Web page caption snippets
-*-*-
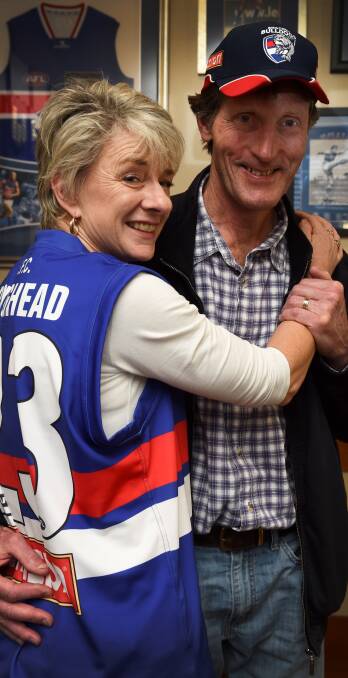 CAN'T WAIT: Husband and wife team Bernie O'Brien and Paul Roughead are ready to watch their son Jordan play in the AFL grand final. Picture: Lachlan Bence.
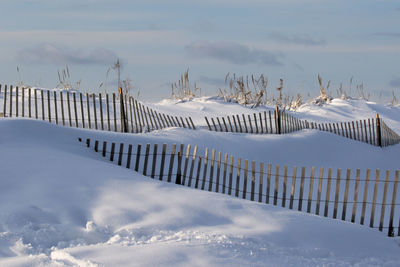 Panoramic view of snow covered field against sky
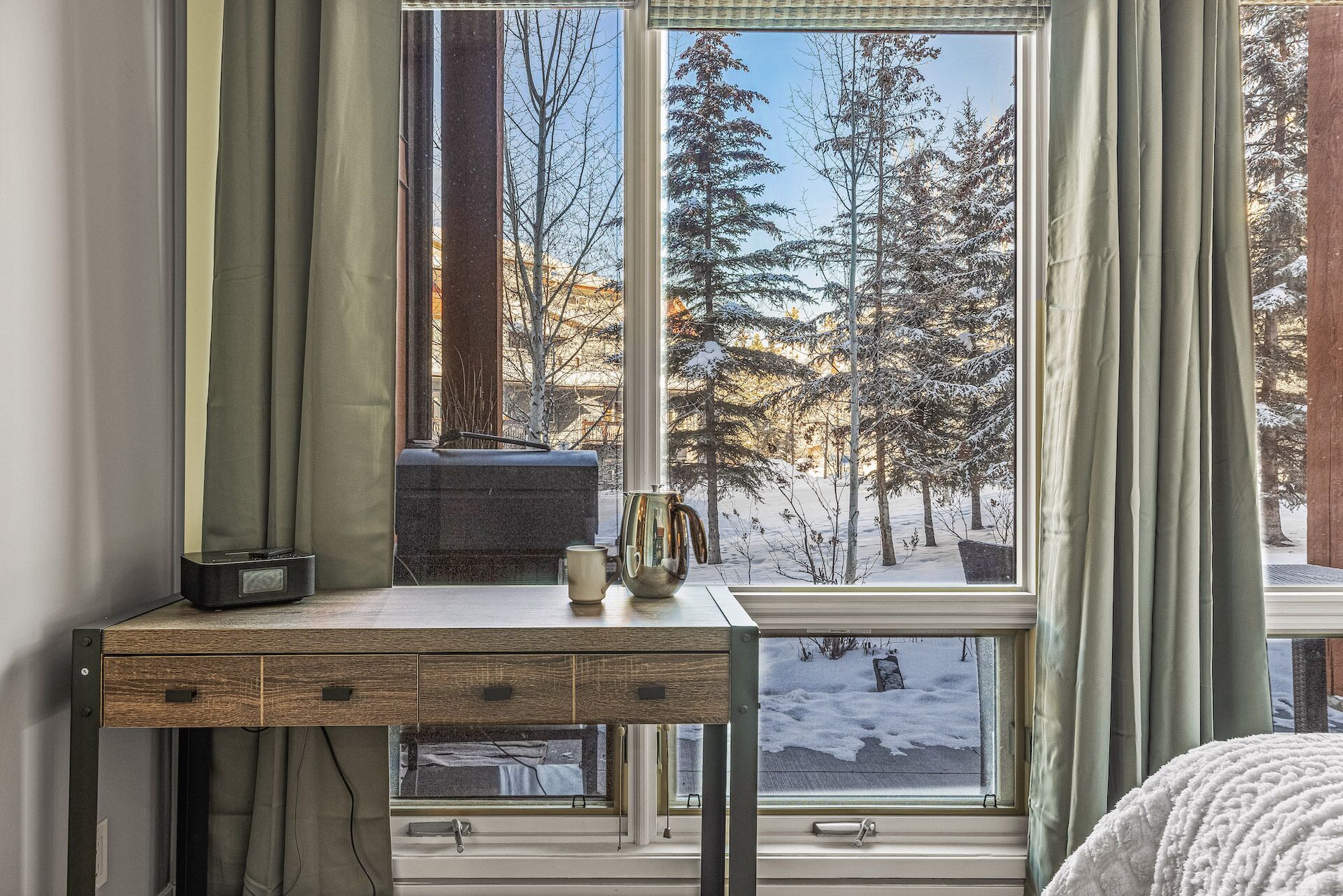 A room with a desk, a window with a view of snow-covered trees, and a window seat.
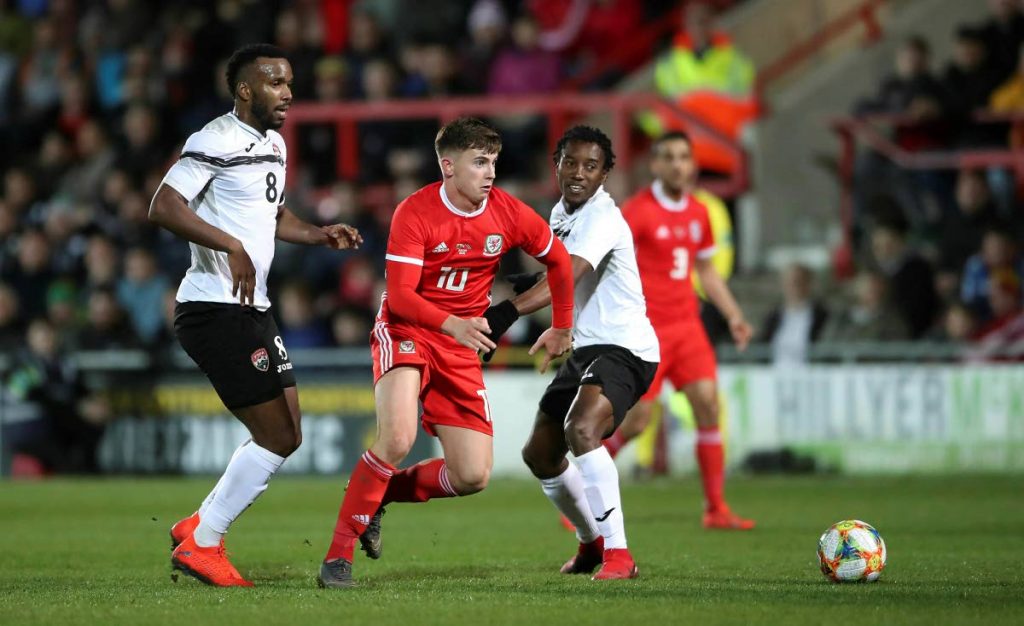 TT’s Khaleem Hyland, left  and Wales’ Ben Woodburn, centre, vie for the ball  during the international friendly, at the Racecourse Ground, in Wrexham, Wales, on Wednesday. Wales won 1-0. (via AP)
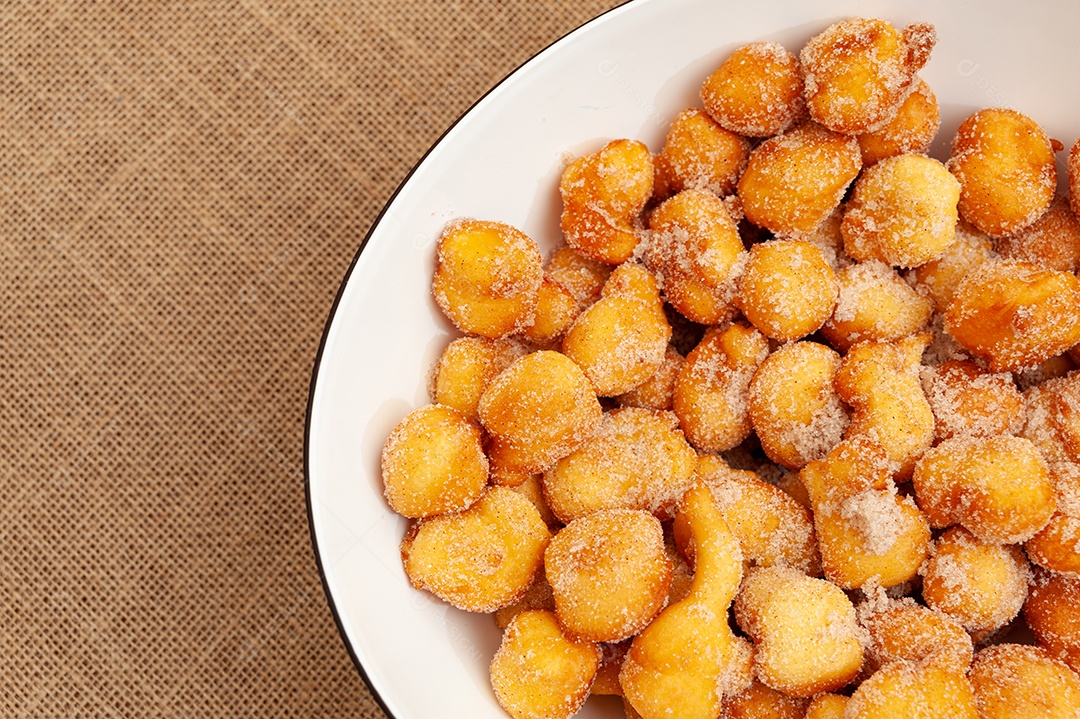 Delicioso e tradicional doce brasileiro caseiro chamado Bolinho de Chuva em um prato. Isolado em fundo de madeira. Vista do topo. Copiar espaço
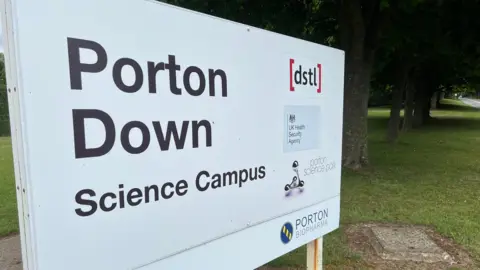 A sign which has Porton Down written on it in black writing on a white background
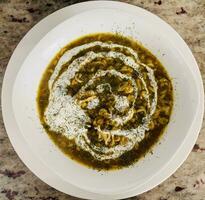 Spinach soup with walnuts in a white plate on the table photo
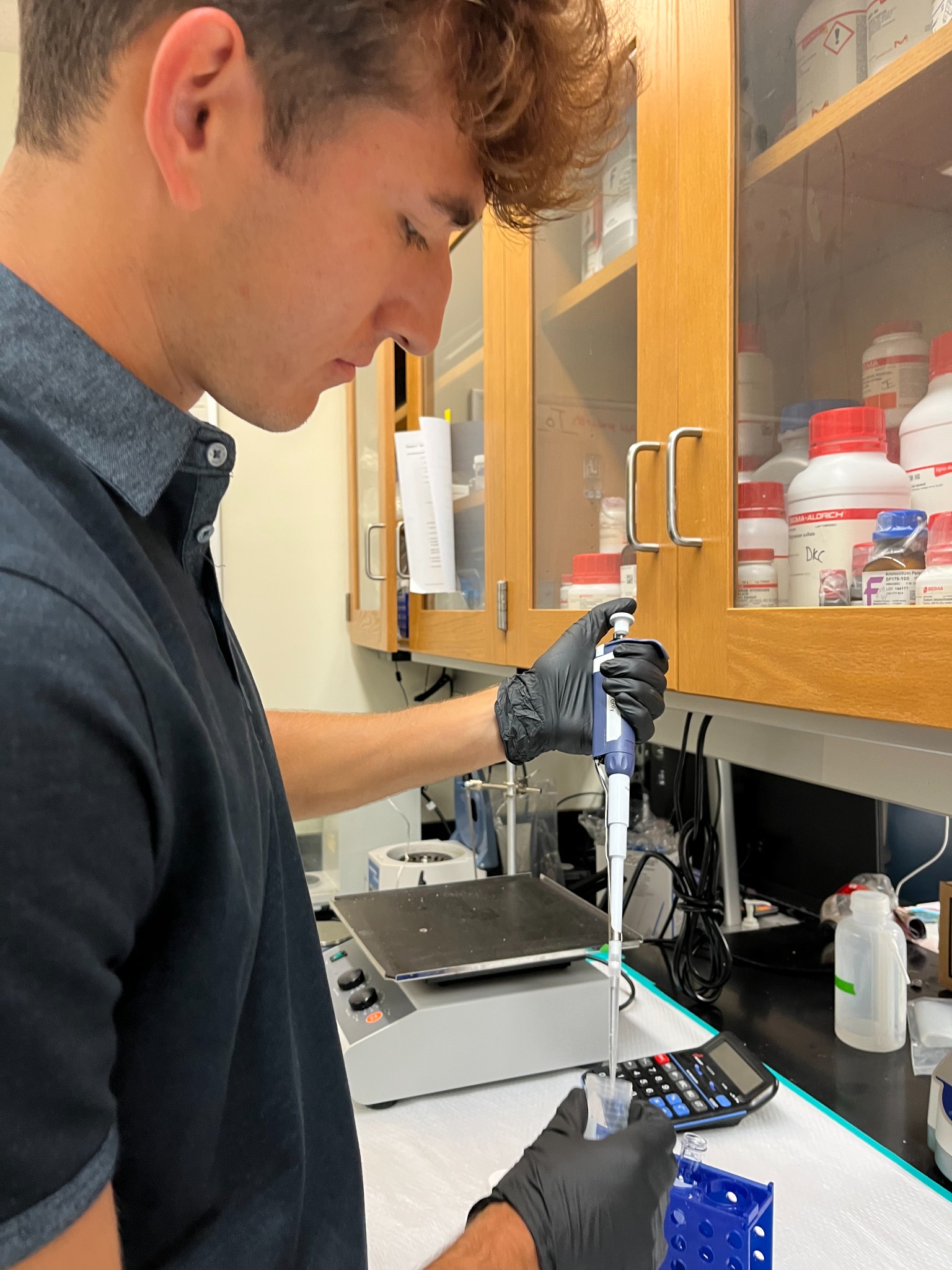 Eric using a pipette at the laboratory bench.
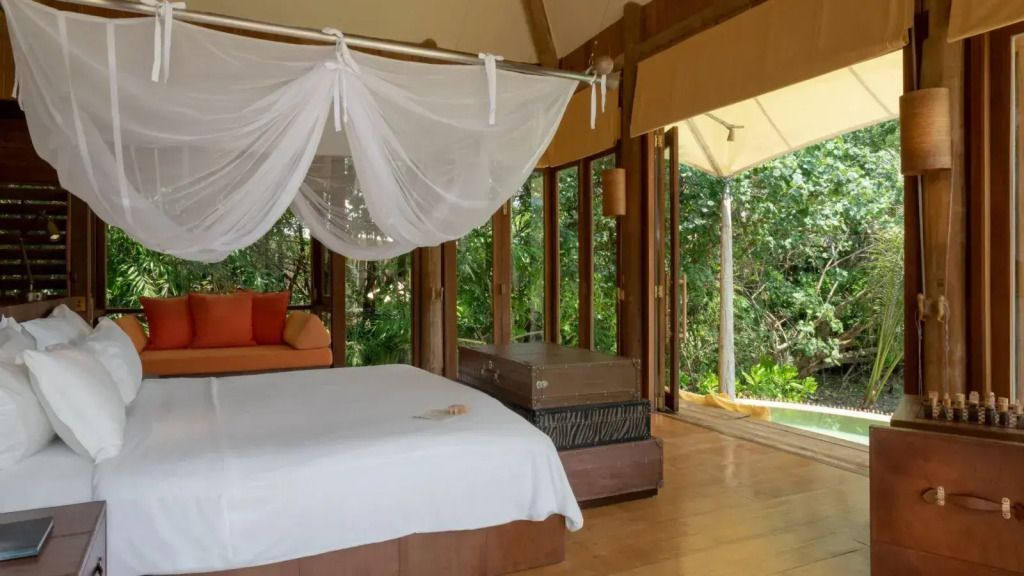Gemütliches Schlafzimmer mit Himmelbett und Terrasse im Grünen.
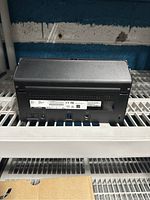 Back view of the black Fujitsu ScanSnap iX500 scanner showing ports and label details.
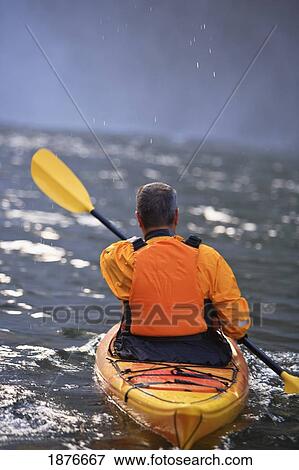 Stock Photo - Washington, United States Of America; A Man Kayaking Near Snoqualmie Falls. Fotosearch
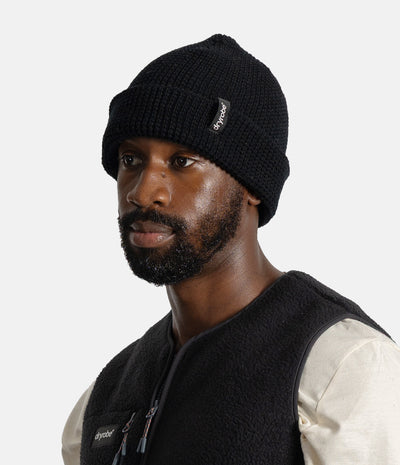 A man wearing a black knit beanie with a small white 'dryrobe' brand tag and a black fleece vest over a cream shirt, photographed against a light gray studio background.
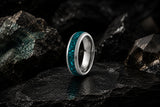 Silver tungsten wedding ring with turquoise gemstone inlay on dark volcanic stone background
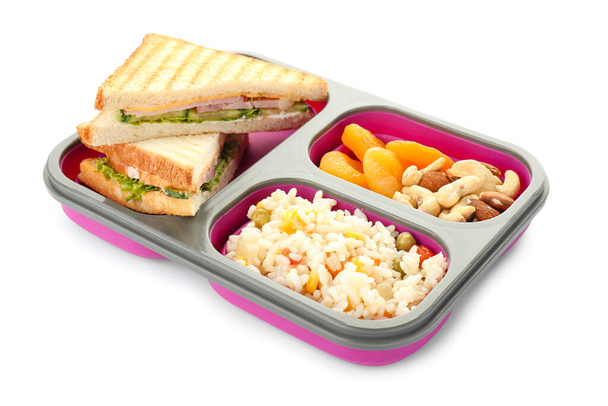 Scatola pranzo scuola con cibo gustoso su sfondo bianco
 - Foto, immagini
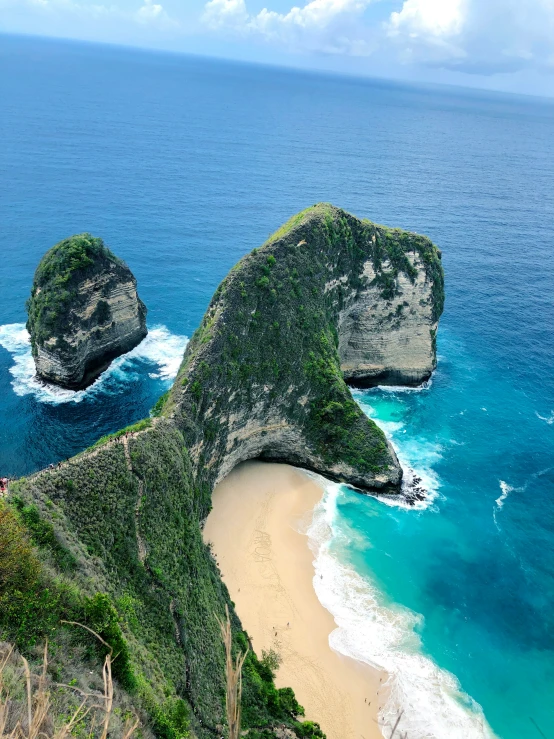 a beach and rocks in a very scenic area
-*-*-
> Aim of the task: What belongs in the answer is each line above, reproduced exactly, and no picture.

> Answer box:
 CAN'T WAIT: Husband and wife team Bernie O'Brien and Paul Roughead are ready to watch their son Jordan play in the AFL grand final. Picture: Lachlan Bence.
 Panoramic view of snow covered field against sky
 A room with a desk, a window with a view of snow-covered trees, and a window seat.
 TT’s Khaleem Hyland, left  and Wales’ Ben Woodburn, centre, vie for the ball  during the international friendly, at the Racecourse Ground, in Wrexham, Wales, on Wednesday. Wales won 1-0. (via AP)
 Delicioso e tradicional doce brasileiro caseiro chamado Bolinho de Chuva em um prato. Isolado em fundo de madeira. Vista do topo. Copiar espaço
 A sign which has Porton Down written on it in black writing on a white background
 Spinach soup with walnuts in a white plate on the table photo
 Eric using a pipette at the laboratory bench.
Gemütliches Schlafzimmer mit Himmelbett und Terrasse im Grünen.
 Back view of the black Fujitsu ScanSnap iX500 scanner showing ports and label details.
 Stock Photo - Washington, United States Of America; A Man Kayaking Near Snoqualmie Falls. Fotosearch
 A man wearing a black knit beanie with a small white 'dryrobe' brand tag and a black fleece vest over a cream shirt, photographed against a light gray studio background.
 Silver tungsten wedding ring with turquoise gemstone inlay on dark volcanic stone background
 Scatola pranzo scuola con cibo gustoso su sfondo bianco
 - Foto, immagini
 a beach and rocks in a very scenic area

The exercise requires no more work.